HOW TO COMPLETE THIS TASK »
Your output is to hold only the lines from the one showing "KelTec P17 .22lr" through the end of the listing, exactly, with every picture excluded.
# # # #
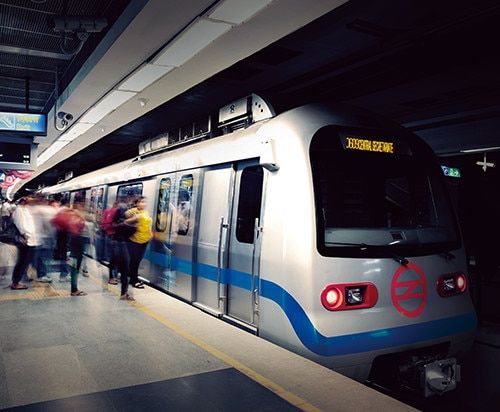 case study of delhi metro project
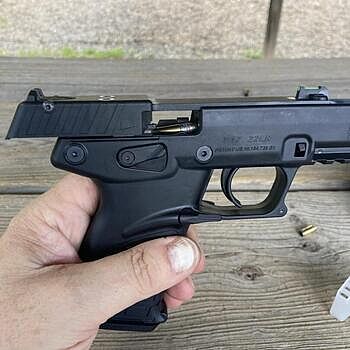 KelTec P17 .22lr Pistol, Blk - P17BLK Jam O-Matic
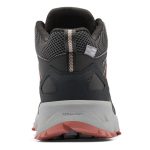 Columbia Women's Peakfreak II Outdry Waterproof Mid Hiking Boots Dark Grey & Dark Coral - Image 5
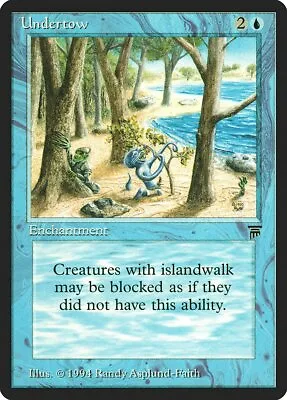 Undertow Legends NM Blue Uncommon MAGIC THE GATHERING MTG CARD ABUGames • $2.99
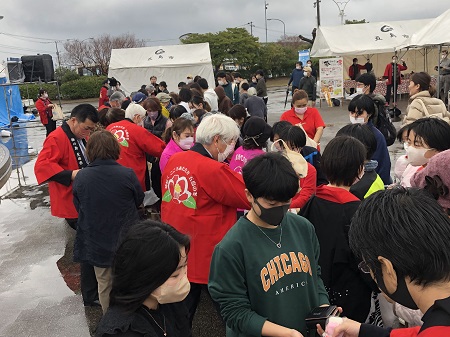 第29回五島椿まつりオープニングセレモニー2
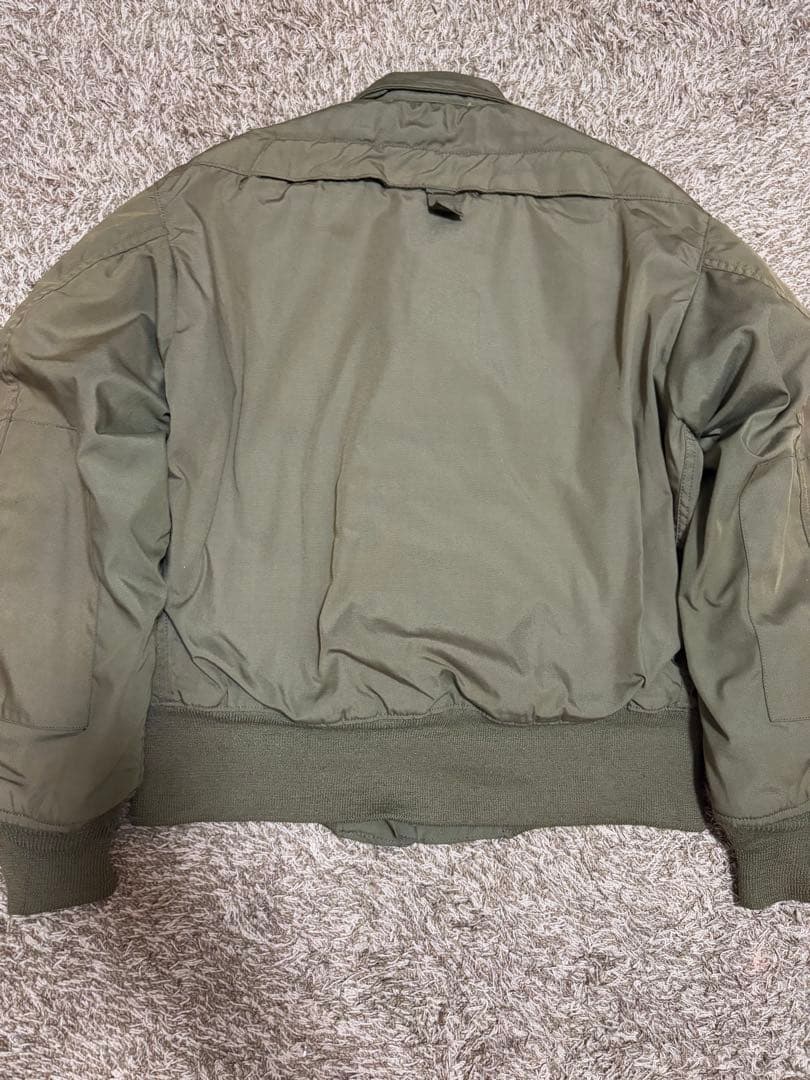 U.S.Army 80s CVCジャケット タンカースジャケット アラミド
# # # #
RESPONSE AREA »
 KelTec P17 .22lr Pistol, Blk - P17BLK Jam O-Matic
 Columbia Women's Peakfreak II Outdry Waterproof Mid Hiking Boots Dark Grey & Dark Coral - Image 5
 Undertow Legends NM Blue Uncommon MAGIC THE GATHERING MTG CARD ABUGames • $2.99
 第29回五島椿まつりオープニングセレモニー2
 U.S.Army 80s CVCジャケット タンカースジャケット アラミド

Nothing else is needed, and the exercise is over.